▸ **TASK STATEMENT**:
Produce as output only the lines below starting at the line with "Foto fiore da" and continuing through the line with "новий ялинковий сезон", each one exactly as written.

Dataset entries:

▶

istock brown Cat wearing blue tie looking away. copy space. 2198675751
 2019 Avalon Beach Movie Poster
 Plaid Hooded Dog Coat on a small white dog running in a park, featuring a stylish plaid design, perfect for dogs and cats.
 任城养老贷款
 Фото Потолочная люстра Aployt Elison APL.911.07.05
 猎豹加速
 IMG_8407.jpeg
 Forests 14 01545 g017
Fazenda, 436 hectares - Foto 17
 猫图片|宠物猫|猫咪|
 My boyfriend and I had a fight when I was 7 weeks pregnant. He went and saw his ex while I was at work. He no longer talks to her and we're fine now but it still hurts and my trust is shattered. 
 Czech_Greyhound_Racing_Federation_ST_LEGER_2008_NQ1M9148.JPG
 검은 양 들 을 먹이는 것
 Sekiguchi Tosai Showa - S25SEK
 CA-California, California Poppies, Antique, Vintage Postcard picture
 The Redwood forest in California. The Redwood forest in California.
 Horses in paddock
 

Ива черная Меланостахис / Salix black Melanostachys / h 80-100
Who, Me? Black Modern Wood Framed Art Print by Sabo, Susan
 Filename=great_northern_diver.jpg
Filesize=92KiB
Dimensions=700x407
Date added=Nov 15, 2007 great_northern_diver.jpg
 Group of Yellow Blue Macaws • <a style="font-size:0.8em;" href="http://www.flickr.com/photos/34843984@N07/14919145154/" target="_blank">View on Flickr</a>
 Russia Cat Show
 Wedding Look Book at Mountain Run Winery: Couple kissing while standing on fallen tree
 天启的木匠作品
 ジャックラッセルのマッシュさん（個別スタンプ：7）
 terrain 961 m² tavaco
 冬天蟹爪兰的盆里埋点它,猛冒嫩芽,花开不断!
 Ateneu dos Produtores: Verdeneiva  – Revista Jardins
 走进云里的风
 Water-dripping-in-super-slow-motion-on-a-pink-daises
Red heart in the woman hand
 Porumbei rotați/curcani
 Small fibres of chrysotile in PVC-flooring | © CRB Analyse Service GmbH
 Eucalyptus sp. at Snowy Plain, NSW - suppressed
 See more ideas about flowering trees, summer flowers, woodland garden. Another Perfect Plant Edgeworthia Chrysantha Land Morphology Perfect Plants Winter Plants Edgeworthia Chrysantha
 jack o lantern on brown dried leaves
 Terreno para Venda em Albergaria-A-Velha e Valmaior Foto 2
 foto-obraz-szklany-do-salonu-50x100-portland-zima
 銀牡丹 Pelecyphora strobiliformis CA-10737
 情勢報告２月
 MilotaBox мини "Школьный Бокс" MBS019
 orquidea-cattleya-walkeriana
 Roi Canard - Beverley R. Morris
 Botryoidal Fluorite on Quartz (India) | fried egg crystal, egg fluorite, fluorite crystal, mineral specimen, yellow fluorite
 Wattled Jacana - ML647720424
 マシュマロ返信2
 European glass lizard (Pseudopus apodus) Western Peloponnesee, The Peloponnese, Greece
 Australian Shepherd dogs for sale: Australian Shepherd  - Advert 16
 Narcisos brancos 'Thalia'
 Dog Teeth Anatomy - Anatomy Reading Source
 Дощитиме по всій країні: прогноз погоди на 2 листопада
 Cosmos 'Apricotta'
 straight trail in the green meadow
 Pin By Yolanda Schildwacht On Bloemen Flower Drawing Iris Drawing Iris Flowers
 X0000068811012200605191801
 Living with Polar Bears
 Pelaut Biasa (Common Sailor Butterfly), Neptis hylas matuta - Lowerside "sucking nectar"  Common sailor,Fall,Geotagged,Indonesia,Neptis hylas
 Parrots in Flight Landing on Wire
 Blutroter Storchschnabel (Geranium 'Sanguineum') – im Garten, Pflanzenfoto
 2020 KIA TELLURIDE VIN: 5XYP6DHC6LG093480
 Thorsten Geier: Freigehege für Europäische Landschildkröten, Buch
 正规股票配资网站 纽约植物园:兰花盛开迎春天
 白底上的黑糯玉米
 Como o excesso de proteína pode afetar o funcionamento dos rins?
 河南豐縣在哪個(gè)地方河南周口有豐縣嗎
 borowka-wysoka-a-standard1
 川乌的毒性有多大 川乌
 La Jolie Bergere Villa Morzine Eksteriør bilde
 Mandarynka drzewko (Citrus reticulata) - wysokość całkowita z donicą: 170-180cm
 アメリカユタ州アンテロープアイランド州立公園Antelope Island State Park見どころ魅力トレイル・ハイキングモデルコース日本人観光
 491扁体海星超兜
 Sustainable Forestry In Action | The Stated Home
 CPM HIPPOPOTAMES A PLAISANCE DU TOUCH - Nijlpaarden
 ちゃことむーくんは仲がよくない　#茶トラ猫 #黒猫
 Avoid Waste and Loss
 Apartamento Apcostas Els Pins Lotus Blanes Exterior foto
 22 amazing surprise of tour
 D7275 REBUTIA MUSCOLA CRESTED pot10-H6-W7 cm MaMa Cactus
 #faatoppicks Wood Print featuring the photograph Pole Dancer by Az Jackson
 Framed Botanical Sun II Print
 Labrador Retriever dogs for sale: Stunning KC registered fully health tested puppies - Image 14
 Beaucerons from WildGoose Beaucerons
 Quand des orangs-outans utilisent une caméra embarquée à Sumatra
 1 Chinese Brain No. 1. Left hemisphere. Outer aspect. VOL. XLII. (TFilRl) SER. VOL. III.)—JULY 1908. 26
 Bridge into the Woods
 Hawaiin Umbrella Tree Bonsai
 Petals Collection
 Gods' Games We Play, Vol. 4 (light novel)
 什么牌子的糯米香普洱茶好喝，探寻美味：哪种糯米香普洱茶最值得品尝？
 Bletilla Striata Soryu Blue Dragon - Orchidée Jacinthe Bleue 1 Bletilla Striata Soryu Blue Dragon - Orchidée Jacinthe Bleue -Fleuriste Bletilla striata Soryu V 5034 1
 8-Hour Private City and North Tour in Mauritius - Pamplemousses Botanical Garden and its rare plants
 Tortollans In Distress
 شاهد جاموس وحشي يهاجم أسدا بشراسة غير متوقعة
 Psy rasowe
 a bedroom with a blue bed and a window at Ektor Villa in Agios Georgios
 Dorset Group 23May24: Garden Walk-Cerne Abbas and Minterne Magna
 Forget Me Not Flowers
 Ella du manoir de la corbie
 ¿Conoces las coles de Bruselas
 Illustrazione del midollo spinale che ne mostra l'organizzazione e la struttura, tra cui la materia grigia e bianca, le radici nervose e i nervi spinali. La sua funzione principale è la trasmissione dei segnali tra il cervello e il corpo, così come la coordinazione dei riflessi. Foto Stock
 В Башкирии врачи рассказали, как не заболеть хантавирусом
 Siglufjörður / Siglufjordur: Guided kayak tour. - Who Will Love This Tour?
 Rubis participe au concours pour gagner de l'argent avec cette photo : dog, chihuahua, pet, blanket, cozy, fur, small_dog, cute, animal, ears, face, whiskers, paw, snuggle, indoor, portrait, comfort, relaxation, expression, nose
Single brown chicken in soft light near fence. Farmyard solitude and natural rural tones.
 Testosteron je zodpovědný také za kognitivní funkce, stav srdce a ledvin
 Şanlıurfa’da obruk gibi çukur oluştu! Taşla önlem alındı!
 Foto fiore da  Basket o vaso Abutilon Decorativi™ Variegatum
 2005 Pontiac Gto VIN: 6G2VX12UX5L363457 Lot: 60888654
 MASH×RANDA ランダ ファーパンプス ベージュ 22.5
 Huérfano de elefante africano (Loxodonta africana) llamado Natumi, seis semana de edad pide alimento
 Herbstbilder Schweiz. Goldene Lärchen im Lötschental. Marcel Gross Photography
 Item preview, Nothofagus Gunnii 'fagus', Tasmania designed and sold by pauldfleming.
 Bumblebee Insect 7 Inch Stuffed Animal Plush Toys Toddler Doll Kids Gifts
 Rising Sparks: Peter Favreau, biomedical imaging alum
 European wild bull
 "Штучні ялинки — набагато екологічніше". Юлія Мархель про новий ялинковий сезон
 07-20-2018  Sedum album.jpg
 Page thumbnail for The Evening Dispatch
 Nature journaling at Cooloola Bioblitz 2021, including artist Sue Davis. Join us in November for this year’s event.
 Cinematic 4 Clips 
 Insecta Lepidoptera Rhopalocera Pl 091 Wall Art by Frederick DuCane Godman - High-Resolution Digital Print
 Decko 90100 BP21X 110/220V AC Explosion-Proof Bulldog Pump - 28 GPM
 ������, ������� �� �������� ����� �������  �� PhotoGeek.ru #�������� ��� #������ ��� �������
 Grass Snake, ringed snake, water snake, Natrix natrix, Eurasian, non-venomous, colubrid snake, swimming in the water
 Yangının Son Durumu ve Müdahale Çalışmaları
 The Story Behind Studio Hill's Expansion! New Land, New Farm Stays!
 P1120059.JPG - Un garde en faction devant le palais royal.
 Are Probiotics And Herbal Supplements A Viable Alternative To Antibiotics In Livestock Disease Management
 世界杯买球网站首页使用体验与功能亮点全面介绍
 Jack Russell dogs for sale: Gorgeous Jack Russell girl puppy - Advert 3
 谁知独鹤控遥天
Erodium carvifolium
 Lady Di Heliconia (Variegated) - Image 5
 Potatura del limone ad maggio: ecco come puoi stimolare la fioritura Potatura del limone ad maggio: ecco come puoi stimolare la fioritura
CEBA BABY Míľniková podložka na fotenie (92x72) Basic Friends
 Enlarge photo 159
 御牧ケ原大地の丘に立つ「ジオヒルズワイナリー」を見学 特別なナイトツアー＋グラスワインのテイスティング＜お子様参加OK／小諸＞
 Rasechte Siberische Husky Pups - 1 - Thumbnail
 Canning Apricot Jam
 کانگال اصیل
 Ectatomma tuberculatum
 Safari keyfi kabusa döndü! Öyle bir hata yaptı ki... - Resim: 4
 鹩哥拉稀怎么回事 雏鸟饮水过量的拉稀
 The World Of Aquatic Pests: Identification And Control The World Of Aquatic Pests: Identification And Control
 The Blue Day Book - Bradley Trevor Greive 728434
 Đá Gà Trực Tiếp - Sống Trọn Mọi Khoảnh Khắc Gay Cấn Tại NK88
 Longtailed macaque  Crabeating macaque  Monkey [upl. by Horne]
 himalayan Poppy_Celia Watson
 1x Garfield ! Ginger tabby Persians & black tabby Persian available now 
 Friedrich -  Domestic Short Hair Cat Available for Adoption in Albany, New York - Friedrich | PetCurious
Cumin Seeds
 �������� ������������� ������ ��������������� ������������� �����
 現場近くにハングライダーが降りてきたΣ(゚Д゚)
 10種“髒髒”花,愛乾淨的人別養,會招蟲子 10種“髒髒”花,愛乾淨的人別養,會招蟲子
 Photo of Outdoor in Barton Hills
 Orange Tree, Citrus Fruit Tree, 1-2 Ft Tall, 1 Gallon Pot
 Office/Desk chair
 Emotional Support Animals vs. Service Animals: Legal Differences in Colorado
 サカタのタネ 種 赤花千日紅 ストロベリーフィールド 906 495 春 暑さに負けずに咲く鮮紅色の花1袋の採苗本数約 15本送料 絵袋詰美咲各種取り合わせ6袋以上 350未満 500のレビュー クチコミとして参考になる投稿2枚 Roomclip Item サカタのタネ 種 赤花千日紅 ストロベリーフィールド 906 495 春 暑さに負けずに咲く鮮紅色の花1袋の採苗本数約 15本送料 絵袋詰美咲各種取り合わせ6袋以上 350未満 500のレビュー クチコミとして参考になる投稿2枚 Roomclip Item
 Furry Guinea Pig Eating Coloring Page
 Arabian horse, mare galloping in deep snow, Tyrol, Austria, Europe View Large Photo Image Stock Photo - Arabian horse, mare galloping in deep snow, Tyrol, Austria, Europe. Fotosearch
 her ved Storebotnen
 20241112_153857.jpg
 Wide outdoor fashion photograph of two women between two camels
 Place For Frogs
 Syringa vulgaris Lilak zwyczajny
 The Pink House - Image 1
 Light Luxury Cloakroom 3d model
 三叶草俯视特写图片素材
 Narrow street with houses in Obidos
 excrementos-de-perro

◀

▸ **RESPONSE BELOW**:
 Foto fiore da  Basket o vaso Abutilon Decorativi™ Variegatum
 2005 Pontiac Gto VIN: 6G2VX12UX5L363457 Lot: 60888654
 MASH×RANDA ランダ ファーパンプス ベージュ 22.5
 Huérfano de elefante africano (Loxodonta africana) llamado Natumi, seis semana de edad pide alimento
 Herbstbilder Schweiz. Goldene Lärchen im Lötschental. Marcel Gross Photography
 Item preview, Nothofagus Gunnii 'fagus', Tasmania designed and sold by pauldfleming.
 Bumblebee Insect 7 Inch Stuffed Animal Plush Toys Toddler Doll Kids Gifts
 Rising Sparks: Peter Favreau, biomedical imaging alum
 European wild bull
 "Штучні ялинки — набагато екологічніше". Юлія Мархель про новий ялинковий сезон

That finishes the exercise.